I have long wondered if and when New York’s young workers, tired of low wages (or permanent freelancing or “internships”), squeezed by rising rents into living more than one to an apartment or even a room, faced with higher taxes that contribute to those rents, facing squeezes on the subway and diminished public services, would decide they have had enough. And realize there will be no pot of gold at the end of the rainbow like the ones prior generations received. No rent regulated or Mitchell Lama apartment, no owner-occupied unit purchased outside a housing bubble or at an “insider” price in a conversion, no stable job with benefits, no improving schools. Just higher taxes and deteriorating services to pay for those dead and gone or retired to Florida.
I have wondered if, at some point, the incredible inflow of hundreds of thousands of young workers to New York City that I chronicled here
would slow, stop, and reverse. And based on data I downloaded Friday for a report I’ll be writing Monday on the job, it may have started to happen.
The data used in this post can be found in this spreadsheet.
What I noticed is that after an incredible boom, one that far outpaced the rest of the New York metropolitan area and the rest of the U.S., the number of employed residents of New York City (including the self-employed and those who commute out to the suburbs) actually fell from May 2015 to May 2016. The number of employed residents of the suburbs (including the self-employed and those who commute into NYC) continued to increase, but at a slower pace. This followed a decade during which employed people were increasingly concentrated in New York City relative to the suburbs, where many aging suburbanites were retiring.

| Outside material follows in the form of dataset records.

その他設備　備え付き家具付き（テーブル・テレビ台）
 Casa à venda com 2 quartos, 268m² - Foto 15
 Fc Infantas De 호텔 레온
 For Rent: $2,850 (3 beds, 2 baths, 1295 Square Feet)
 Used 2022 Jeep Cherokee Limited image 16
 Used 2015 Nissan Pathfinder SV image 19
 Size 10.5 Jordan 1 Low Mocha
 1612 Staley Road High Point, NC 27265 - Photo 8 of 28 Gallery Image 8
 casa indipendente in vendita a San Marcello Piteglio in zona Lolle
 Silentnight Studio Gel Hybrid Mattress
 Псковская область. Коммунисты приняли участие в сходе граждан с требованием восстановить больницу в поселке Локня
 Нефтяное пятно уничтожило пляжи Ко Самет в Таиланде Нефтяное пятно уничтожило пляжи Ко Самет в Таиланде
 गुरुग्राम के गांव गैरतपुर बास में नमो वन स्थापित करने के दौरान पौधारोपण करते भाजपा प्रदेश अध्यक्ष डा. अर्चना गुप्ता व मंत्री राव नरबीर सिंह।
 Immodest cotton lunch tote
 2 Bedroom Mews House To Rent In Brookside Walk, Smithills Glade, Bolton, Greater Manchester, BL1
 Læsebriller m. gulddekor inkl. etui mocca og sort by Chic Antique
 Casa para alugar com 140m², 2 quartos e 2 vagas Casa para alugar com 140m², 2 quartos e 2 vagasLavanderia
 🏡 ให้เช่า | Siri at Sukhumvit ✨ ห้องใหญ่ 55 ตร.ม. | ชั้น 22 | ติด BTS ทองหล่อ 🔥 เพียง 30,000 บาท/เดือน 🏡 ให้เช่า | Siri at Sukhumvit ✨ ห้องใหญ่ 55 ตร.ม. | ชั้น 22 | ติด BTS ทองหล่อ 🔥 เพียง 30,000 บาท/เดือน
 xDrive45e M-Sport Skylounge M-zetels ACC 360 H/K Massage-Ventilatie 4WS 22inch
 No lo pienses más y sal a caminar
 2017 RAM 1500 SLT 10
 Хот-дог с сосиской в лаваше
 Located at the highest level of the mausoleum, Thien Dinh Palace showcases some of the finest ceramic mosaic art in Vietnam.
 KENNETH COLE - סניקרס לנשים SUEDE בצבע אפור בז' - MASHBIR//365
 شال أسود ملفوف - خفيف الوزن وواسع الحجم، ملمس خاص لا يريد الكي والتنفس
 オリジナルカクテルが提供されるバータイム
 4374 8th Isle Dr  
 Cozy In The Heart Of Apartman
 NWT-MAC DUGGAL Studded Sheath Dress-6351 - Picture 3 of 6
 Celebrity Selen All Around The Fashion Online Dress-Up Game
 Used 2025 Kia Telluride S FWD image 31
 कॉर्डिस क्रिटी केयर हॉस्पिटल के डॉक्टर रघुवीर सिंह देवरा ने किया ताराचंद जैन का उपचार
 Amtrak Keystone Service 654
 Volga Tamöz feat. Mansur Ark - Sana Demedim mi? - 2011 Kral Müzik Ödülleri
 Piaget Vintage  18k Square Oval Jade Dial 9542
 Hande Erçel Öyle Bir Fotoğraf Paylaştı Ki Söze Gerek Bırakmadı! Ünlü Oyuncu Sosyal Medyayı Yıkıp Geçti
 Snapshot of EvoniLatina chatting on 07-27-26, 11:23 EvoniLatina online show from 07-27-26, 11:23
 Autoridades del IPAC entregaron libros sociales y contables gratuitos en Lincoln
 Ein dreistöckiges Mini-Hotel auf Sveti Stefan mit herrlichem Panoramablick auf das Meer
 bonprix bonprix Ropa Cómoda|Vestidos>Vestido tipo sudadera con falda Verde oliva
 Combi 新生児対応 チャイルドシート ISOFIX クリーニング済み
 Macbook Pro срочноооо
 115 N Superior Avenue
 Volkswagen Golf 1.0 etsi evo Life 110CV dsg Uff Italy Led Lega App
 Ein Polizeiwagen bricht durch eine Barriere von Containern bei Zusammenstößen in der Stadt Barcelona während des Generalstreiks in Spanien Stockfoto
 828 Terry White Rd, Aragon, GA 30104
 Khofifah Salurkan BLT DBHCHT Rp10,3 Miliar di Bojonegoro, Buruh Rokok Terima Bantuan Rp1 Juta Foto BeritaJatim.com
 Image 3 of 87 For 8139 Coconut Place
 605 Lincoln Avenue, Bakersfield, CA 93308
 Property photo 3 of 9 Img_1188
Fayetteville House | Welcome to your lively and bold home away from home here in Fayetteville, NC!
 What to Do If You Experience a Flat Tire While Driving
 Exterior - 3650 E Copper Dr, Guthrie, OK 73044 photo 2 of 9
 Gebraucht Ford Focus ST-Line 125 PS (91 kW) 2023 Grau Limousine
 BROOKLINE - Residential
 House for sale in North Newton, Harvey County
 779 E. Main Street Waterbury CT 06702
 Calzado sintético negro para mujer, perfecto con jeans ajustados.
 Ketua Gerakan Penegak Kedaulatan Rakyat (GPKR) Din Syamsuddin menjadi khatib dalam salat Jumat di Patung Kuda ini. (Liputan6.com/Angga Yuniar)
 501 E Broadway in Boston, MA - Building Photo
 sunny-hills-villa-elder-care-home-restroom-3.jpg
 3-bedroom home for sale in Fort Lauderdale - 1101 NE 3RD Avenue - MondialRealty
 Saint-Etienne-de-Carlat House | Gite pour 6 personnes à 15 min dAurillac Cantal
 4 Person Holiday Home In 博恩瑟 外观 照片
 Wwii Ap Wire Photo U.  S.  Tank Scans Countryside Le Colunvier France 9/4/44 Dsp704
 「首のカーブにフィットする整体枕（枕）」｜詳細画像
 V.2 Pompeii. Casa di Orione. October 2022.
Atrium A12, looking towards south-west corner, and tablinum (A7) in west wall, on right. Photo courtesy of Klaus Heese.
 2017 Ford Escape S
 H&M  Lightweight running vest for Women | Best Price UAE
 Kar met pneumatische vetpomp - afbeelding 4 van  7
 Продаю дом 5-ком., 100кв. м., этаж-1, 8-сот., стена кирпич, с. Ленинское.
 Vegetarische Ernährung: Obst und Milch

This data can be volatile, and three months from now the prior pattern may reassert itself. The number of employed residents of NYC, moreover, only fell by about 6,400 (0.2%) in the year to May 2016, compared with an increase of 66,645 (1.2%) for the rest of the NY Metro area. In the year to May 2015, the number of employed residents had increased by a stunning 131,300 (3.4%) in New York City, and a solid (110,400 (2.0%) in the rest of the NY Metro area.
Still, pending additional data one could speculate that this could be the beginning of a major reversal. And start to wonder what it means.
It doesn’t necessarily mean that city residents are losing jobs, and suburbanites are gaining them. The fact is unemployment is falling in the city and suburbs alike. It is more likely, rather, that fewer people with jobs are living in the city, and more people with jobs are living in the suburbs. Perhaps aging suburbanites are leaving, retiring elsewhere, and selling their homes to city residents who are moving out to places with better schools.
It has long been the pattern that the married and employed leave the city when their children reach school age, driven out by the NYC schools and the smaller average size of its housing units. Only about one-third of NYC housing units have more than two bedrooms, compared with two-thirds nationally, and it is smaller units that have been built recently.
This pattern had seemed to slow in the past decade, with the “Millennial” generation choosing to stay in the city as parents in far greater numbers than their Baby Boom predecessors. With soaring housing prices, however, perhaps more members of the latest generation of young workers have decided that even if they want to stay in New York City, they cannot afford to.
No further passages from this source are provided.